Trocou-se o cultivo biodiverso por organismos geneticamente modificados, os quais foram inseridos na agricultura com a promessa de aumentar a produção e reduzir os insumos químicos. Hoje tais argumentos já se provaram falsos, pois houve a redução, tanto da biodiversidade quanto da produtividade, e um acréscimo do uso de insumos químicos, como fertilizantes e pesticidas.

Junto com outros ativistas, Vandana publicou o relatório "The GMO emperor has no clothes", que faz uma paródia com o conto de fadas "A Roupa Nova do Rei", na qual um rei é convencido de que usa uma roupa que só os inteligentes poderiam ver. Mas, como ninguém queria ser considerado burro, todos elogiavam a nova roupa do rei, afirmando conseguir vê-la. Somente uma criança, símbolo de inocência, falou: "O rei está nu!".

Nesse relatório é abordado o estado atual dos organismos geneticamente modificados, que os caracterizam como: uma falsa promessa e uma tecnologia falha. E entre as consequências de seu uso estão a proliferação de super pragas, o alto valor dos royalties e o intenso uso de insumos químicos, que inviabilizam a vida no campo.

Temos que redefinir o paradigma econômico

A ecologista não acredita na falsa economia verde, que transformou em mercadoria a poluição planetária. Mecanismos como crédito carbono não são eficientes e acabam por se tornar mais uma faceta do mercado especulativo, sendo mais importante o lucro das corporações e não a redução da degradação ambiental.

O Produto Interno Bruto (PIB), indicador usado para medir o progresso, representa todos os bens e serviços finais produzidos numa determinada região. No caso da Floresta Amazônica, que consome todo o carbono que produz, ela se torna improdutiva. Para explicar isso Vandana disse: "PIB não mede produção, mede comodificação. Se você consome o que produz, você não produz. Este é a lógica".

Temos que redefinir o paradigma econômico, defende a ecologista, para ela: "A produção não mede o que não plantamos - os ciclos que mantêm a vida do solo e da água, a alimentação da população local". Sendo assim, ela defende a criação de uma "Democracia da Terra", na qual a humanidade e a natureza progridam juntas, pois, para a palestrante: "O império da humanidade gerou sua crise".

Novas fronteiras do pensamento

Vandana-Shiva-2Com muita esperança, Vandana deixa claro que a luta ecológica está nas mãos de cada um, e afirma: "é preciso fazer a diferença reconhecendo que somos sujeitos em luta.
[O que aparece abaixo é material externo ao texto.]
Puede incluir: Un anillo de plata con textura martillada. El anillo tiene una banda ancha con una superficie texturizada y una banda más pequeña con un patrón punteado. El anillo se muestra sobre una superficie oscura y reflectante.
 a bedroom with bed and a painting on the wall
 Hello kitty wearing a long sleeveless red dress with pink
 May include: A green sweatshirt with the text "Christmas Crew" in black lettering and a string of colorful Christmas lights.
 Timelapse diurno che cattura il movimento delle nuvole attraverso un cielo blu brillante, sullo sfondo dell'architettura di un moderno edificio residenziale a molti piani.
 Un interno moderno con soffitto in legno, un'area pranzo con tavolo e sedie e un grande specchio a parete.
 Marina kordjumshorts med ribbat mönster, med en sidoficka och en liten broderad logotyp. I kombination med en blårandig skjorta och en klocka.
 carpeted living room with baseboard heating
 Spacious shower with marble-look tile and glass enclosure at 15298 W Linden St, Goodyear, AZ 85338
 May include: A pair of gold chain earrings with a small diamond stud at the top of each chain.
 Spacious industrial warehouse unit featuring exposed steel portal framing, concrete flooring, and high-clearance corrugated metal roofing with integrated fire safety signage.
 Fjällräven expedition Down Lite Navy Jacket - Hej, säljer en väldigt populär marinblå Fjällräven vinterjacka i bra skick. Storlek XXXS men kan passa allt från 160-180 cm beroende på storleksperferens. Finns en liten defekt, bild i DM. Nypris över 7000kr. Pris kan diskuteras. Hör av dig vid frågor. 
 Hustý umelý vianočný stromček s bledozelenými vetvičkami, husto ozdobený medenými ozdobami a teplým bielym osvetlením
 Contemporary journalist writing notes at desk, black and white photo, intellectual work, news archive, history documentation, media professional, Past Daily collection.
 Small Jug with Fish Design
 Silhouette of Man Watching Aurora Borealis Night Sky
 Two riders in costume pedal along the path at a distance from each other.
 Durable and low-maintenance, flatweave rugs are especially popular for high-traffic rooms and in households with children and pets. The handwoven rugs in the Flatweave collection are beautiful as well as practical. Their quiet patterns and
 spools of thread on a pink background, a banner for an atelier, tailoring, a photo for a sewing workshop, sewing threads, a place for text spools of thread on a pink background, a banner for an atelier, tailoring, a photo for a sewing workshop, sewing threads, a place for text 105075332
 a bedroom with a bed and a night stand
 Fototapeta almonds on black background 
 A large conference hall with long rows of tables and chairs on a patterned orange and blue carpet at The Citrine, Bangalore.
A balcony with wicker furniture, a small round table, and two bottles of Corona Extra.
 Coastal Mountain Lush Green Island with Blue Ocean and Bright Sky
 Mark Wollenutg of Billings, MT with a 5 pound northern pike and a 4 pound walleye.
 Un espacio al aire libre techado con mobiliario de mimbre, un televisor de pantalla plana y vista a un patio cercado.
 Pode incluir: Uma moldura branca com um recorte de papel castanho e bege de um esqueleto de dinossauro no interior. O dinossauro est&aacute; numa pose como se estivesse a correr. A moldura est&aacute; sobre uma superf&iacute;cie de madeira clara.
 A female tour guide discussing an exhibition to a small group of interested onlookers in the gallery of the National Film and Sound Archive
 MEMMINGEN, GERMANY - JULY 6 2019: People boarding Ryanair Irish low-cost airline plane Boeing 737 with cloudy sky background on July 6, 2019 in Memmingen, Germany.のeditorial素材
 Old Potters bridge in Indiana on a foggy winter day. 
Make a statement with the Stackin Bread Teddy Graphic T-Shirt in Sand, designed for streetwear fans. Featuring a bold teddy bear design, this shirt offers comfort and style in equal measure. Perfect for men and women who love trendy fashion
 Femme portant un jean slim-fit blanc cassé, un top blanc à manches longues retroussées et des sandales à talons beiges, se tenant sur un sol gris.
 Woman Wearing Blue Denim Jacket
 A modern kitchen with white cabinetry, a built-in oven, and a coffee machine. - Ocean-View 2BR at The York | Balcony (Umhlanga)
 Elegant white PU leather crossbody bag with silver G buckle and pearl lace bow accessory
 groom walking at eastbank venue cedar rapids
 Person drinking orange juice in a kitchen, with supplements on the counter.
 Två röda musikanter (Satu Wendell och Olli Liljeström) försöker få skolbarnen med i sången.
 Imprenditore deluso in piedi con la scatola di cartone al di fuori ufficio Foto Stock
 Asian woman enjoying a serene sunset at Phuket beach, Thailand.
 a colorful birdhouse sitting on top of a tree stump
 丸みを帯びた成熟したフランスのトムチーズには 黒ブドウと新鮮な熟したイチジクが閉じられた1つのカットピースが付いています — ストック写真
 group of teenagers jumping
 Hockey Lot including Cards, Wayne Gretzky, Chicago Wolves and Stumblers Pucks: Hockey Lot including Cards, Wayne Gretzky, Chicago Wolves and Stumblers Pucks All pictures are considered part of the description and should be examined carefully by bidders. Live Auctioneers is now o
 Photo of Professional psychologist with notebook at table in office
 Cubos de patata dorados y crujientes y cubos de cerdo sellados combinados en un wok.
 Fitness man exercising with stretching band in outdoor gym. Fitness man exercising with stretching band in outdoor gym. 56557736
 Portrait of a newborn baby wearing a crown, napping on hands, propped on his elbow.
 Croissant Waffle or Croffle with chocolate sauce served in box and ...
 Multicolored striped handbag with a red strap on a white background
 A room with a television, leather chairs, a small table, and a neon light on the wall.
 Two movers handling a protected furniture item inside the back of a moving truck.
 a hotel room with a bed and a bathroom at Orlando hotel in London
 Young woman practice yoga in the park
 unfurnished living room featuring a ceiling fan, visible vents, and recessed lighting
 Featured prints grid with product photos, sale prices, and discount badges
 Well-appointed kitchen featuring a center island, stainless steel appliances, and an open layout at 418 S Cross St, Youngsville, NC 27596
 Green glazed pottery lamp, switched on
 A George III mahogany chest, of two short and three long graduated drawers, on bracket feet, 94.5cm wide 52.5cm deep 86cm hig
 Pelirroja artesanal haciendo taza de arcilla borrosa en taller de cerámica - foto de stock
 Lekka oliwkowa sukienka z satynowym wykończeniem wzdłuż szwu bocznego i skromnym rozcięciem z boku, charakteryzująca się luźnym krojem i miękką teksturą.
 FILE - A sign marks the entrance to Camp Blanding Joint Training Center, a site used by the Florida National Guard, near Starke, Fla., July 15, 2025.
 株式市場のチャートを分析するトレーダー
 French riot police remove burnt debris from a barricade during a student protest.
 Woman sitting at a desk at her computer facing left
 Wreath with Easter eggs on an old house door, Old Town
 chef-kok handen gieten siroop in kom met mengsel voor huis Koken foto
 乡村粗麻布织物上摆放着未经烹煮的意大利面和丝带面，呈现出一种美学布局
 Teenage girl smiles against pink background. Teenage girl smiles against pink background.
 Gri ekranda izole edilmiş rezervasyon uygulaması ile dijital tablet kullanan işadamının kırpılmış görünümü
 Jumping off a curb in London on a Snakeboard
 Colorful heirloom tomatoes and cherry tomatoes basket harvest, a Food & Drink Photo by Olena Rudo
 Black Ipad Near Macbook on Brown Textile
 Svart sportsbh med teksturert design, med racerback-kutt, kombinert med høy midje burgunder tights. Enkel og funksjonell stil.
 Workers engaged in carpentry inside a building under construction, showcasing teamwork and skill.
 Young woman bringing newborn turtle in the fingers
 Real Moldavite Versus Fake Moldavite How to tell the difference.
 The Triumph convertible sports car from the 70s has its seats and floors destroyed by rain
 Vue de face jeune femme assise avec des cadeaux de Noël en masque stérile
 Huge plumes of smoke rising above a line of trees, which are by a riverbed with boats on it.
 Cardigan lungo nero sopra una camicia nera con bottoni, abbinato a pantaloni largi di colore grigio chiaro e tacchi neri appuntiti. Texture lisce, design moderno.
Optar por alimentos orgânicos, cuidar do corpo e do outro com amor". Ela também deixa claro que o momento atual é o da criação de novas fronteiras, em que os seres humanos tenham maior compaixão e se conectem com a sua feminilidade.

Aplaudida de pé pelo salão de Atos da UFRGS lotado, Vandana Shiva deixou sua mensagem de que precisamos trabalhar a partir do amor e da confiança, mostrando como a luta ecológica influência toda a sociedade. E termina parafraseando o tema do Fórum Social Mundial: "mais que possível, outro mundo é necessário".